Quite a few Democrats do not think that’s how the process should work.
Rep. John Yarmuth (D-Ky.), chairman of the House Budget Committee, said that he is ready to quickly push through a new budget resolution for this fiscal year that would allow Biden’s rescue package to clear the Senate with just 51 votes, instead of the usual 60 votes.
“We’re ready to go, I mean, we could go in a matter of days, if leadership makes that decision,” Yarmuth told reporters Thursday.
He grew up in Louisville politics with Senate Minority Leader Mitch McConnell (R-Ky.) and has little trust in his hometown colleague to be a bipartisan broker with the new administration. There is a preference to try to find GOP support, but not to wait forever.
“I think the objective of both the House Democrats and the administration is to get this done as quickly as possible and whatever we need to do,” Yarmuth said.
Democrats still feel snakebit over how things unfolded the last time they controlled the presidency and both chambers of Congress. In early 2009, well into the Great Recession, then-Vice President Biden played a key role in rounding up a few Republican votes that were needed to clear the 60-vote hurdle to end debate.

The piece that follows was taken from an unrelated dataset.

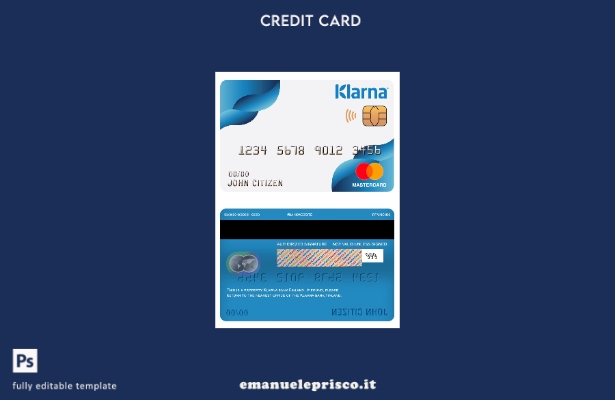 modello di carta mastercard della banca finlandese Klarna in stile verificato
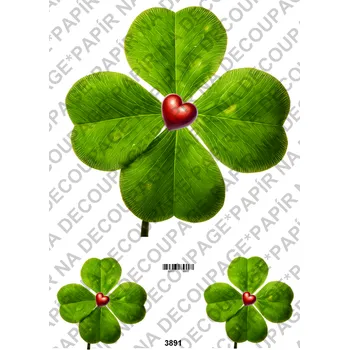 Umělecký papír Rýžový a soft papír na decoupage - Čtyřlístek pro štěstí - KB03891 Materiál: Soft, Rozměr: A4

The trade-off for those votes? Lowering the relief package’s cost to less than $800 billion, a sum that liberal economists felt did not meet the crisis. Senate Democrats then spent the summer and fall trying to round up Republican support for the Affordable Care Act, a delay that ended up being fruitless and gave conservative opponents time to build up public opposition to legislation that was difficult to explain to voters.
Not a single Republican voted for the ACA, and Democrats lost the House majority in the 2010 midterms.
With a 50-50 Senate, and with Vice President Harris’s tie-breaking vote providing the Democratic majority, Majority Leader Charles E. Schumer (D-N.Y.) would need to find at least 10 Republican votes to pass most legislation — a very tall order in today’s polarized Washington.
Plus, several of the most traditionally dealmaking Republicans — including Blunt and Sens. Lisa Murkowski (Alaska) and Rob Portman (R-Ohio) — face reelection in 2022, and the prospect of conservative primary challengers that would make it riskier to cut deals with the Democratic White House.
Democrats also point to McConnell’s stewardship of the Senate in his six years as majority leader, declaring in February 2016 that it was too political to replace the late Justice Antonin Scalia on the Supreme Court with a Democratic pick.
These Democrats do not want to adhere to Senate traditions that Republicans picked and chose from, preferring to blow up the filibuster soon.
“I’m a supporter of filibuster reform. I obviously want to be able to make my case to the caucus,” Sen. Chris Murphy (D-Conn.) told reporters Wednesday, suggesting that a GOP blockade of Biden’s agenda would eventually lead to overturning filibuster rules.
So far the most conservative Democrat, Sen. Joe Manchin III (W.Va.), has resisted any talk of ending the 60-vote threshold. He has argued that Biden can unlock the bipartisan magic.
“If there’s one person who understands how this place used to work, how it should work and how it can work — if it doesn’t work under Joe Biden, it doesn’t work at all,” Manchin told reporters Thursday.